We often call them frenemies, supposed friends who sometimes help you and sometimes hurt you. But it’s not just friends. It’s the in-laws who volunteer to watch your kids but belittle your parenting. The roommate who gets you through a breakup and then starts dating your ex. The manager who praises your work but denies you a promotion. [..]

Even a single ambivalent interaction can take a toll, and it’s causation, not correlation. In one experiment, people gave impromptu speeches on controversial topics in front of a friend who offered feedback. Unbeknown to the participants, the researchers had randomly assigned the friend to give ambivalent or negative comments. Receiving mixed feedback caused higher blood pressure than pure criticism. “I would have gone about the topic differently, but you’re doing fine” proved to be more distressing than “I totally disagree with everything you’ve said.”

The evidence that ambivalent relationships can be bad for us is strong, but the reasons can be harder to read — just like the relationships themselves.

The most intuitive reason is that ambivalent relationships are unpredictable. With a clear enemy, you put up a shield when you cross paths. With a frenemy, you never know whether Dr. Jekyll or Mr. Hyde is going to show up. Ambivalence short-circuits the parasympathetic nervous system and activates a fight-or-flight response. It’s unnerving to hope for a hug while bracing yourself for a brawl.

Another factor is that unpleasant interactions are more painful in an ambivalent relationship. It’s more upsetting to be let down by people you like sometimes than by people you dislike all the time. [..]

Finally, ambivalence is an invitation for rumination. We agonize about ambiguous comments, unsure what to make of them and whether to trust the people who make them. We dwell on our mixed feelings, torn between avoiding our frenemies and holding out hope that they’ll change.

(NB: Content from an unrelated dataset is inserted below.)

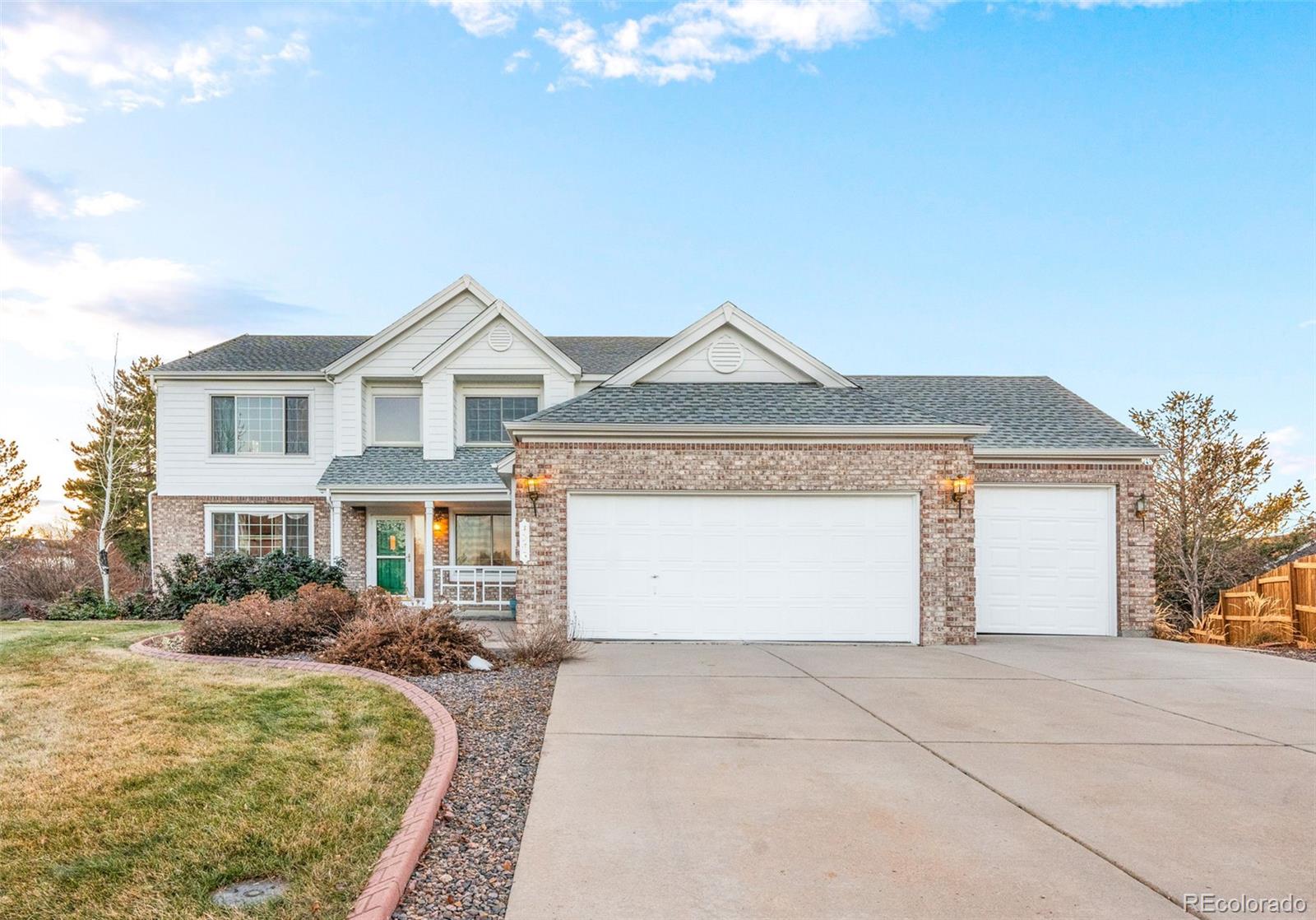 MLS Image #0 for 4946 s cathay court,aurora, Colorado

Although frenemies are the people who hurt us the most, we’re much slower to drop them than enemies. In our lives, we have about as many ambivalent relationships as supportive connections. And we don’t seem to get better with age at handling them. [..]

Early in my career, I invested a great deal of energy in mentoring a student. I thought it was a positive relationship, but she chose a different adviser. When I asked for feedback, I learned that the relationship had looked different from where she stood. On the one hand, she appreciated my rapid responses and clear guidance. On the other hand, my answers were too directive: I was silencing her voice and crowding out her ideas. What I thought was being supportive was actually undermining her autonomy. As Anne Lamott puts it, “Help is the sunny side of control.”

It’s all too rare for us to exchange this kind of feedback. Sometimes we end up avoiding or ghosting the people who stress us out in this way. It isn’t always a deliberate decision; we procrastinate on replies and put off lunches until the relationship fizzles. Other times, we just grit our teeth and tolerate ambivalent relationships as they are.

A relationship in which you can’t be candid isn’t a relationship at all; it’s a charade. Research shows that we tend to underestimate how open people are to constructive suggestions. Feedback doesn’t always lead to change, but change doesn’t happen without feedback. The goal is to be as candid as possible in what you say and as caring as possible in how you say it. As Brené Brown emphasizes, “Clear is kind.”

I’ve seen people try to address ambivalence by declaring, “This relationship isn’t healthy for me.” That isn’t kind: It’s often received as “You’re a bad person” when the reality is inevitably more complicated. An ambivalent relationship deserves a more nuanced, more accurate message: “The mix of good and bad here isn’t healthy for us.”